Kapandıkça büyüdüler

Haberin Devamı

Barış ve Demokrasi Partisi’nin (BDP) kapatılması dillendirilmeye başlandı. Hem de bir bakanın sözlerinden yola çıkarak. Başbakan’ın izni olmadan AKP’de hiç kimse, böyle bir ihtimali akıllara düşüremezdi. Hele ki, İçişleri Bakanı; “PKK demek, Apo demek, KCK demek, BDP demek, bir iç içeliğin, bir bir aradalığın sırrının ifşasından başka bir şey değildir” diyebildi! Kapatılma kokusu alan BDP Genel Başkanı da, İçişleri Bakanı’yla, “38 model bakan” yanıtıyla dalga geçse de, büyük olasılıkla yeni parti hazırlığını başlattı. BDP’den önceki parti, Demokratik Toplum Partisi (DTP) de kapatılmadan önce, “terörle ilişkisinin belgelendiği” söylemleri yayılmıştı. Çok geçmeden dava açıldı. Ve DTP kapanmadan, BDP kuruldu.

2007 seçimi sonrası türban kampanyası başlar başlamaz, daha önce kapatılan milli görüş partilerinin devamı olan AKP’nin kapatılması belli(!) çevrelerde dile düşmüştü. Başsavcı, AKP’nin “laikliğe aykırı fiillerin odağı haline geldiği” gerekçesiyle, partinin kapatılması ve ilgili Başbakan R. T. Erdoğan başta olmak üzere, Cumhurbaşkanı A. Gül dâhil 71 kişinin 5 yıl süre ile siyasetten uzaklaştırılması istemiyle hazırladığı iddianameyi Anayasa Mahkemesi’ne 14 Mart 2008’de sunmuştu. Kapatılma kararının çıkması için 11 üyenin 7’sinin oyu gerekiyordu.
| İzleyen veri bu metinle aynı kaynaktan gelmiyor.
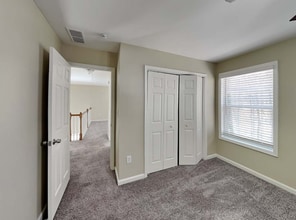 2182 Moorewood Ln S E in Smyrna, GA - Building Photo - Building Photo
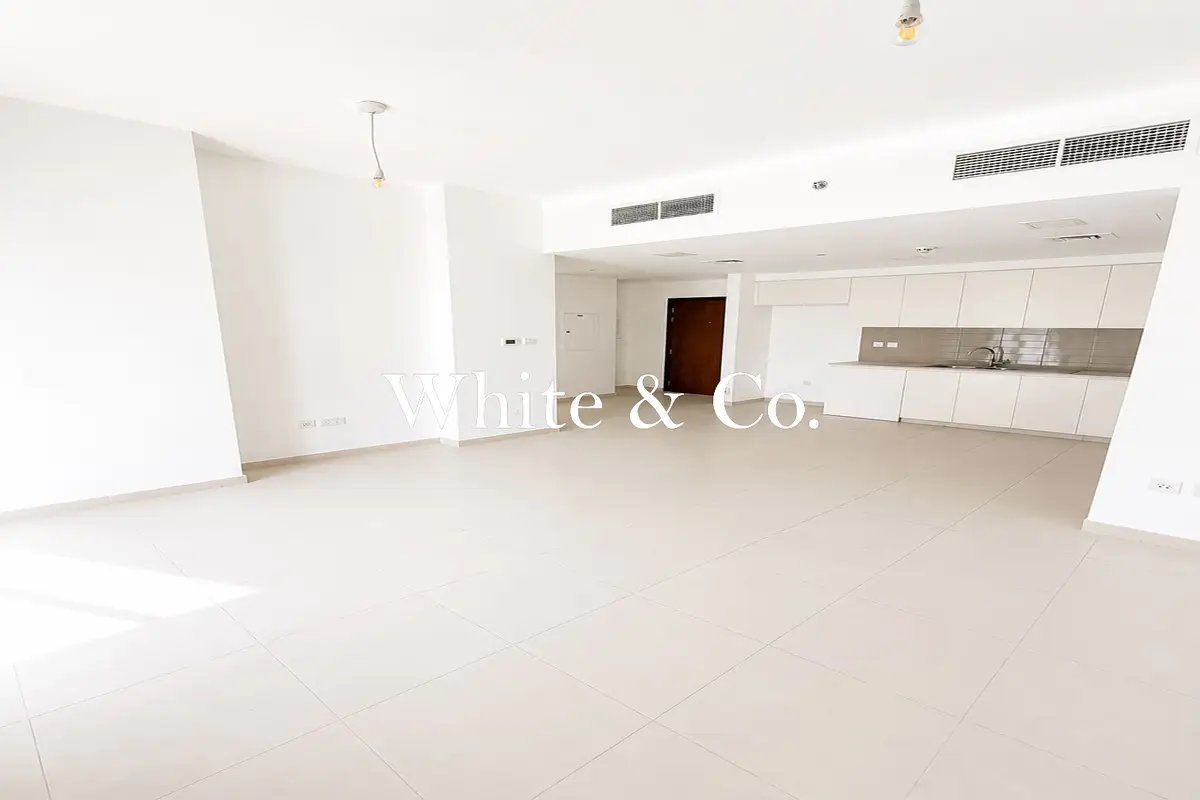 2-bedroom freehold apartment in Town Square — photo 5 of 5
Oylamada 6 üye evet, 5 üye hayır oyu kullandı. Diğer 1 üyenin çekimser kalması sayesinde AKP kapatılmaktan kurtuldu. Kapatma davasına başından beri karşı çıkanlardandım. Elbette sonuç, Türkiye’nin demokratik yolda ilerlemesi açısından çok yerindeydi. Öte yandan, o sonuca en çok AKP’liler sevindi. Çünkü “mağdur” duruma düştüler oy oranları yüzde ellilere ulaştı.
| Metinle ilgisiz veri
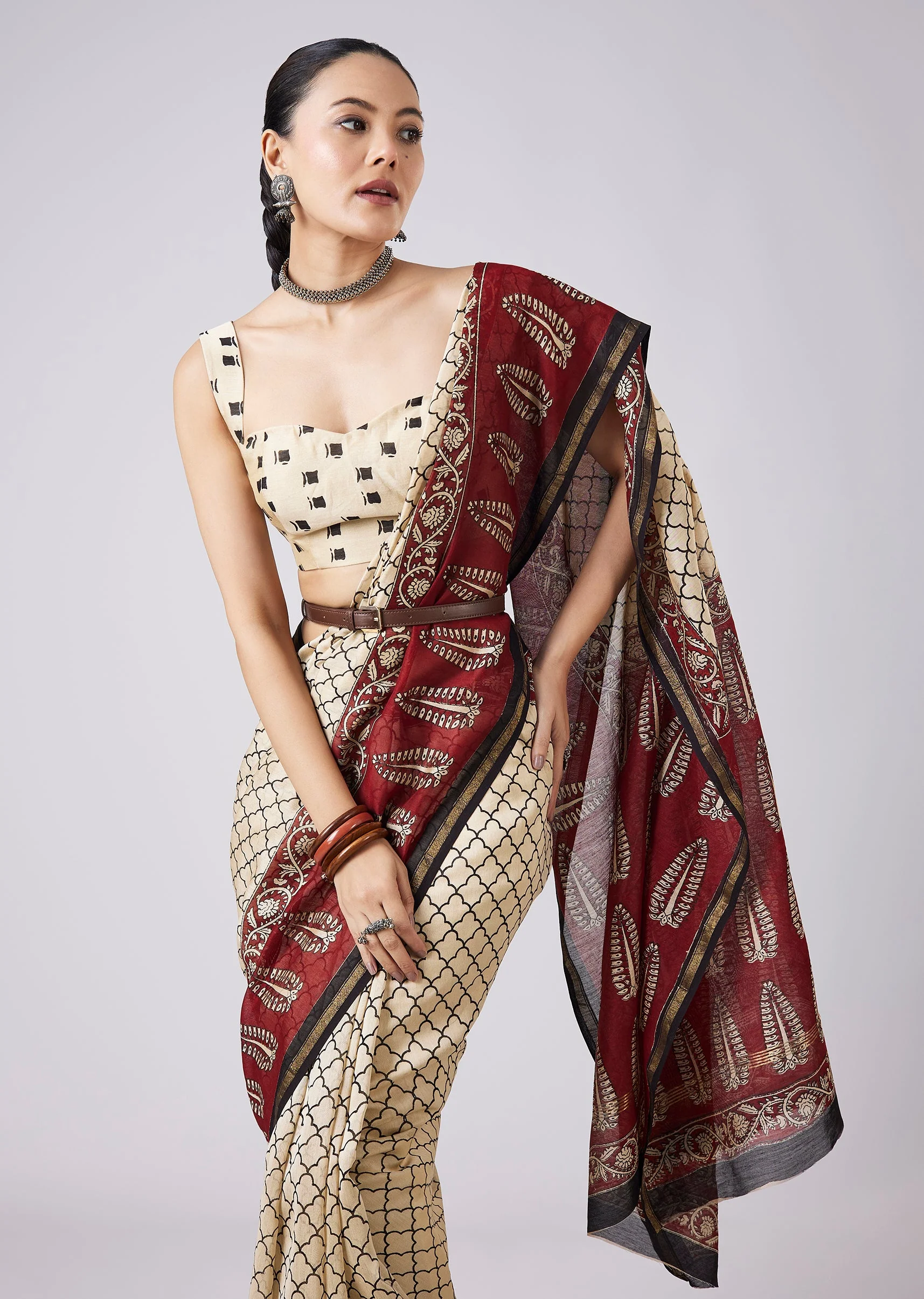 Cream Colorblock Printed Saree with Unstitched Blouse - Image 5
R. T. Erdoğan için AKP’nin varlığını tehdit eden kurum ve kuruluşlarla hesaplaşmak, artık kaçınılmazdı. İşte o gün AKP, Anayasa değişikliği kararını aldı. Hatta Ergenekon’un düğmesine de o olay sonucu basıldı. Üstelik AKP, mutlak iktidarının kapısını aralamıştı. 12 Eylül 2010’daki Anayasa değişikliği ile de Başbakan Erdoğan tartışılamaz tek güç durumuna geldi. Bu yüzden, İçişleri Bakanı gibi Ankara’ya yeni gelenler AKP’nin, “ileri demokrasi idealindeki(!)” parti kapatılmasıyla ilgili gerçek niyetini ağızlarına doladılar. Ancak Başbakanlarına anımsatmak gerekir ki, “Kürt Sorunu” dedikleri davanın asıl sahipleri, artık çok daha güçlü bir toplumsal tabana sahip. Hele bu son 35 yurttaşın acı sonu, BDP’nin bölge tabanını daha da şahinleştirdi.
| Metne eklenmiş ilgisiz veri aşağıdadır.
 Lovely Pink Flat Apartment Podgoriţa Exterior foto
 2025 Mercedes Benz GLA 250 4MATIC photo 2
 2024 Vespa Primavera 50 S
1989 yılında Halkın Emek Partisi (HEP) ile başlayan tırmanış, kapana-açıla ÖZEP, ÖZDEP, DEP, HADEP, DEHAP, DTP’den geçerek bugün 36 milletvekilli BDP'ye ulaştı. O yüzden BDP Genel Başkanı, çok daha yüksek sesle kapatılmaktan korkmadığını ve yenisiyle hedefe çok daha hızlı ulaşacakları inancı içinde olduğunu gösteriyor. Oysa demokratik çözüm diye Habur’dan kapı açan Başbakan, İçişleri Bakanı’nın ağzından “partiyi kapatma” tehdidiyle, çözümün değil, halkın tepkisini oya dönüştürmenin peşinde. Yoksa bunca deneyiminden sonra Başbakan’ın bir kez daha o partinin kapatılmasıyla, yerine kurulacak partinin içerden, dışarıdan daha büyük destek elde edeceğini görmemesi düşünülemez. Eğer amaç, ortam uygun diye hem halkın aş-iş derdini yani gerçek gündemi saptırmak, hem de oy hesabıyla açılımdan vazgeçmek ise Başbakan ve takımı, ülke tarihinin en ciddi ve önemli sorununun özünü hâlâ kavramamış demektir.